Strengths of this study include the analysis of the target tissue of interest (the esophageal epithelium) rather than a surrogate, the analysis of non-tumoral epithelial tissue (rather than tumor tissue) from both cases and controls in a well designed case-control study, the use of TMAs containing both case and control tissues to minimize differences in how these tissues were processed or evaluated, conducting and averaging triplicate staining measurements, the use of an automated image analysis system to quantify the staining, and the collection of detailed information on environmental factors which allowed adjustment for possible confounders. On the other hand, this study also has limitations. The case-control design of the study leaves open the possibility of reverse causality, that the development of esophageal cancer caused the patients to be more highly exposed to PAHs or to increase their reactivity to 8E11 through some other mechanism. A possible explanation for such an association in this population would be patients smoking opium to relieve the pain from their cancer. In earlier studies we have shown that opium use is relatively common in Golestan [7
] and that people in this area respond truthfully and accurately to questions regarding their opium use.[34
] Such questions were included in the questionnaires filled out by all cases and controls in this study, and adjustment for the answers to these questions did not change the staining associations.
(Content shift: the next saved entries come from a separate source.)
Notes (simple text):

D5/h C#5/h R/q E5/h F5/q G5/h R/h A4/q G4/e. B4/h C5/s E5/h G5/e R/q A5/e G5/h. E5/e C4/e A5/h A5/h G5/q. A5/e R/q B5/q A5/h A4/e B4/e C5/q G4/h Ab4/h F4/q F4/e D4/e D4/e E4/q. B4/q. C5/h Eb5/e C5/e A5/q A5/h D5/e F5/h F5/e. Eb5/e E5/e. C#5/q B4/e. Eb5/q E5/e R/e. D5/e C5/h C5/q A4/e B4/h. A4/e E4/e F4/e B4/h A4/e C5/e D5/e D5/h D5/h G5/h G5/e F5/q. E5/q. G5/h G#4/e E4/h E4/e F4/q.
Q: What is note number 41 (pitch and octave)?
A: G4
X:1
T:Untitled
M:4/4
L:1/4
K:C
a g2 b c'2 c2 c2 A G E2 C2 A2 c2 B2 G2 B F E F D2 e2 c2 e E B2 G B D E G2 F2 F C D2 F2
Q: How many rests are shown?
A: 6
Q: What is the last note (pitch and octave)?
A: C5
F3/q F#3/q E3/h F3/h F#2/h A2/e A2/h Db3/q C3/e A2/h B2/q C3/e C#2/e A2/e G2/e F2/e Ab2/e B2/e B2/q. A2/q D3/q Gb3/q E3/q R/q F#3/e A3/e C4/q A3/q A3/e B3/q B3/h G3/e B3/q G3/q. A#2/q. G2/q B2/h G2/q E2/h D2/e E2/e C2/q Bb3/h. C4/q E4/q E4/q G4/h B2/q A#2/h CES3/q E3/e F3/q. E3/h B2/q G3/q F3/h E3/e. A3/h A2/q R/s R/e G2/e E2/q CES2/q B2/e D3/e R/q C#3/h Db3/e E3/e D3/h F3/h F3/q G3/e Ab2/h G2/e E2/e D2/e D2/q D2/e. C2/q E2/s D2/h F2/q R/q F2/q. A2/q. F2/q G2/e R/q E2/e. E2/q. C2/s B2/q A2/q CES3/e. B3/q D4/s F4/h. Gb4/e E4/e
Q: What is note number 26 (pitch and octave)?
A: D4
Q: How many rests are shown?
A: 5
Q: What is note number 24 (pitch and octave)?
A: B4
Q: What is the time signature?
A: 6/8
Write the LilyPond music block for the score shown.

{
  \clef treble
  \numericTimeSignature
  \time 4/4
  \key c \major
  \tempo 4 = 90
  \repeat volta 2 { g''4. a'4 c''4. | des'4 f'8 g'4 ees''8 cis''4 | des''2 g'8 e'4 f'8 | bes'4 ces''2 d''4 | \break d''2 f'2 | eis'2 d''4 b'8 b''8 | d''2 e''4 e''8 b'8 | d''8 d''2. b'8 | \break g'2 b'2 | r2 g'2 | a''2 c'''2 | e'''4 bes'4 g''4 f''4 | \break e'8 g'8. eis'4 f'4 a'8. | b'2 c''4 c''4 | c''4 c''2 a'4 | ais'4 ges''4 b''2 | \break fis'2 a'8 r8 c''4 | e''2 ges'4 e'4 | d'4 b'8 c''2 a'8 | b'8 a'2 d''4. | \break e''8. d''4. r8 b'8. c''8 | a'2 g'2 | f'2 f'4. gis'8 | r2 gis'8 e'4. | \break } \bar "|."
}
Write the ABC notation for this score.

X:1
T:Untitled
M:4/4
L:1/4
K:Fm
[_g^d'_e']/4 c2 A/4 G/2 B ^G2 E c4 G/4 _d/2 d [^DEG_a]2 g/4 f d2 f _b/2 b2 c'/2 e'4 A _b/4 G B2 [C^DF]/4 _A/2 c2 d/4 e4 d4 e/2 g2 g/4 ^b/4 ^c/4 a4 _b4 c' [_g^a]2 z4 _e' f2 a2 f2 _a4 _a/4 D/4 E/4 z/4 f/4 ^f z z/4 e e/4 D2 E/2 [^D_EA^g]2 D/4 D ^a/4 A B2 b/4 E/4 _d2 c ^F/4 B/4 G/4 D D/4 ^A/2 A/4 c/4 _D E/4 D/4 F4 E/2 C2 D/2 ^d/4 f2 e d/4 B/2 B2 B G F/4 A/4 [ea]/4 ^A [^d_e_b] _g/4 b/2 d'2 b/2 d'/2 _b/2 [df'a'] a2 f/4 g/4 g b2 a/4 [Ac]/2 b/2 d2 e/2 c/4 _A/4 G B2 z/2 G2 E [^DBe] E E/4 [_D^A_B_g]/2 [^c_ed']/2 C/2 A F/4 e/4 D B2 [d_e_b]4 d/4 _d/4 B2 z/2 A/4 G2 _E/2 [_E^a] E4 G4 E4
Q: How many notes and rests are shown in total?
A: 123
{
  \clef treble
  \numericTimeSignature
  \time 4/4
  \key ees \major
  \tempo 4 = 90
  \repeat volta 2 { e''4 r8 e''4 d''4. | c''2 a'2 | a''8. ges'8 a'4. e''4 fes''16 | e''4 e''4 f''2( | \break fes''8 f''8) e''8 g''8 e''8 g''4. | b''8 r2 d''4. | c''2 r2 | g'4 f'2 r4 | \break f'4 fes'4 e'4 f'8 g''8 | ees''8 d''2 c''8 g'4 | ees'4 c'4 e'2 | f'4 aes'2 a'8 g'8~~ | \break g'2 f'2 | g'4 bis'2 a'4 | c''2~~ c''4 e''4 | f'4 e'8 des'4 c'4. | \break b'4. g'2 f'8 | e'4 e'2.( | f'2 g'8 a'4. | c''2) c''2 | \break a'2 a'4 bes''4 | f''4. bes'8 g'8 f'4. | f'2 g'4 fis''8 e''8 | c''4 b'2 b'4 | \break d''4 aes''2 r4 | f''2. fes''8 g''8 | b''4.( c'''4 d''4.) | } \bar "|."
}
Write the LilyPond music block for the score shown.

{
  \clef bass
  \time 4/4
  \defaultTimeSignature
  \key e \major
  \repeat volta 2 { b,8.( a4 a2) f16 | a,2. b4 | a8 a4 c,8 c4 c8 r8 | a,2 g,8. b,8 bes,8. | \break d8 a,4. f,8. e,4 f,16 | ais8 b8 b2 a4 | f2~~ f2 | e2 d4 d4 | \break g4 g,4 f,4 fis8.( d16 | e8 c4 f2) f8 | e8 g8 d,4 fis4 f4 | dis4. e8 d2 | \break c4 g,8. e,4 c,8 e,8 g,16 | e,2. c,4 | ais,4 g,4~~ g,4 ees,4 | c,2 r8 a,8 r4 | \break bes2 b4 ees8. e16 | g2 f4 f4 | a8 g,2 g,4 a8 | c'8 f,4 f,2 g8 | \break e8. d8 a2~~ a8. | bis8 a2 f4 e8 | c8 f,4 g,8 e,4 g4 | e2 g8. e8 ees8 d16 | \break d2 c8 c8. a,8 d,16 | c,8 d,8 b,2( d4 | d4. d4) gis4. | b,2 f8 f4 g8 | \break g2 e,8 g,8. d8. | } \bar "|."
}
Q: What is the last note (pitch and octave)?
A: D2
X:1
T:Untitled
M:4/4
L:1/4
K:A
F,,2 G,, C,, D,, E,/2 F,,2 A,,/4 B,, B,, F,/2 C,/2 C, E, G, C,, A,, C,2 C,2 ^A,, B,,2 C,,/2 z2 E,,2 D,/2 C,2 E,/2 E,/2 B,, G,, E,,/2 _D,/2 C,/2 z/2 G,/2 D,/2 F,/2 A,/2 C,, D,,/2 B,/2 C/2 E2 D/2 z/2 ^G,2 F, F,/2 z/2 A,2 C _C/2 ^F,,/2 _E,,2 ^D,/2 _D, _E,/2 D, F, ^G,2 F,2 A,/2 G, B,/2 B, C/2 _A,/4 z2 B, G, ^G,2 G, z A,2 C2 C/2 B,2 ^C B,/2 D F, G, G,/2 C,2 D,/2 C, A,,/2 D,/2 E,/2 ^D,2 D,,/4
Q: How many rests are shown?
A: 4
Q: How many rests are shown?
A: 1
But reverse causality due to another unmeasured factor cannot be ruled out.
In conclusion, we found a very strong dose-response relationship between intensity of esophageal tissue staining with 8E11 antibody and ESCC risk in a case-control study in Golestan Province, Iran. This finding strengthens the evidence for a causal role of PAHs in the etiology of esophageal cancer in this high-risk population. It will be important to replicate this study in other high-risk populations, to perform similar studies in prospective cohorts, and to undertake studies with more specific and quantitative chemical analyses to identify the PAH compounds associated with ESCC risk.